The Freeze – Paranoia

25th October 2022 · 1970s, 1979, Music, Punk

Does anyone remember The Freeze? Probably not unless you were living in Scotland in the early days of punk.

They supported many of the punk and New Waves who played on the east coast with a ramshackle mix of originals and covers (Ramones, Roxy, Eno) that showed their glam roots.

Aiming for a more complex sound than most of their contemporaries, they looked for inspiration to the New York bands like Television and Talking Heads.

Guitarist Gordon Sharp was wildly inventive with the use of effects pedals and, like Can’s Michael Karoli, also used a knife on the fretboard.

The Freeze were formed in 1976 by a bunch of schoolkids – Gordon Sharp, David Clancy and Keith Grant – from Linlithgow, 20 miles west of Edinburgh, completing the group a year later with drummer Graeme Radin. Their English teacher, Alastair Allison, served a dual role as manager and lyric writer.

They supported most of the punk and New Wave bands who toured Scotland at the time, especially Dunfermline contemporaries The Skids, and released two self-financed singles as well as the In Colour EP, which included this song, Paranoia, in 1979.

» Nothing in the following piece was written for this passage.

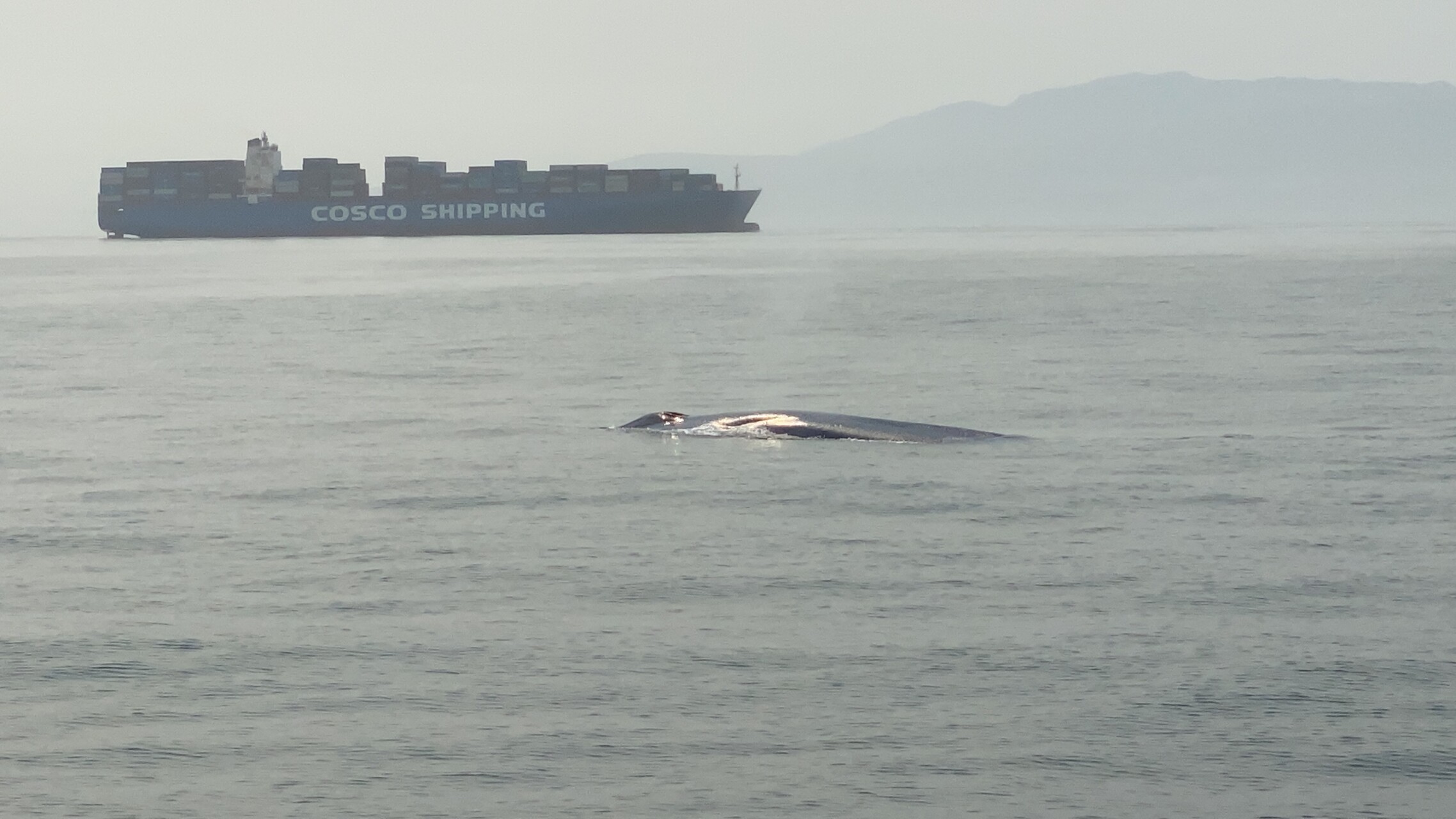 whale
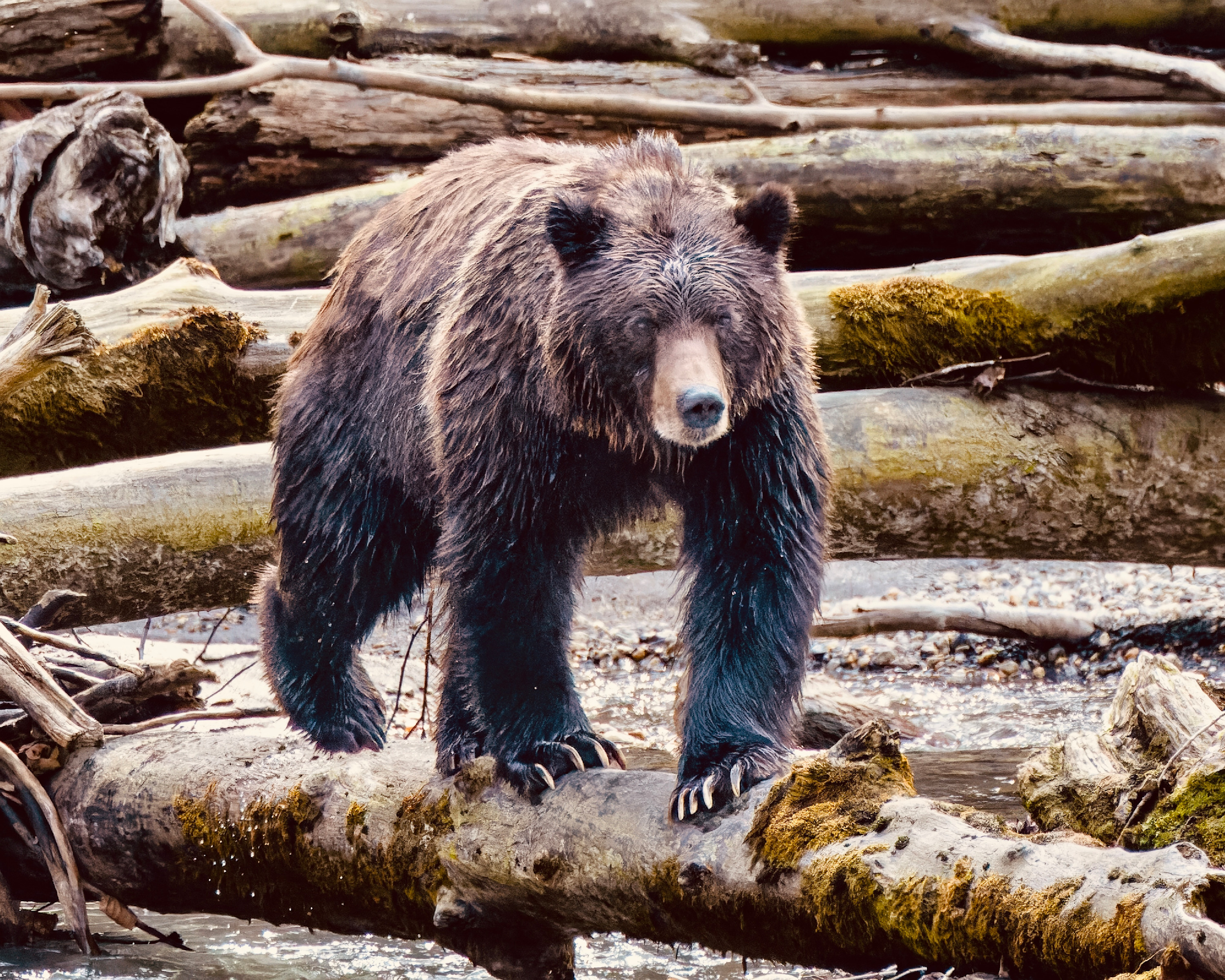 
        <div class='title'>
          GrizzlyBears 220915 0059 DP g high fidelity v2 2x
        </div>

They also recorded two sessions for John Peel after releasing their final single, Celebration – backed with the slow, gentle Crossover, hinting at their future direction, in 1980; the second of them featuring a new rhythm section of Mike Moran and Neil Braidwood.

Two years later they changed their name to Cindytalk, releasing an acclaimed album called Camouflage Heart in 1984, and Sharp sang with Cocteau Twins and This Mortal Coil, including Kangaroo

Soon afterwards, Sharp travelled to London for a David Sylvian concert, where he met two young musicians – John Taylor and Nick Rhodes – who were starting their own band. Despite their repeated requests, he turned down an offer to join their group, Duran Duran.

Since the 1990s, when he started an electronic side project called Bambule, Cindy Sharp (as she now is) has focused on experimental laptop music, much of it released in Japan where she lives part of the time.

Several solo and Cindytalk albums have also been released by the cutting edge electronica label Editions Mego in Vienna, and she is still performing.